Russell Brandom and Adi Robert, reporting for The Verge:
“Google’s copying of the API to reimplement a user interface, taking only what was needed to allow users to put their accrued talents to work in a new and transformative program, constituted a fair use of that material,” the Supreme Court ruled in a 6–2 opinion, with one justice (Amy Coney Barrett) not taking part in the ruling. It overturned an earlier federal decision, which found that Google’s use of the API had constituted infringement.
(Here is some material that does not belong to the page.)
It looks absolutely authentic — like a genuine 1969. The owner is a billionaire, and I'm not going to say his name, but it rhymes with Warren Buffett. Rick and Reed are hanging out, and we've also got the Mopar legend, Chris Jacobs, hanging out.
The court’s opinion concludes that APIs — which let programmers access other code — are significantly different from other kinds of computer programs. “As part of an interface, the copied lines are inherently bound together with uncopyrightable ideas … and the creation of new creative expression,” Justice Stephen Breyer writes in his opinion. Unlike many other computer programs, Breyer wrote, much of the copied lines’ value came from developers being invested in the ecosystem, rather than the actual operations of the program. Google used the API to let Java programmers build Android apps, which the court declared is a fundamentally transformative use
This is a great thing for the software industry. Copyrightable API signatures would be a giant unenforceable mess.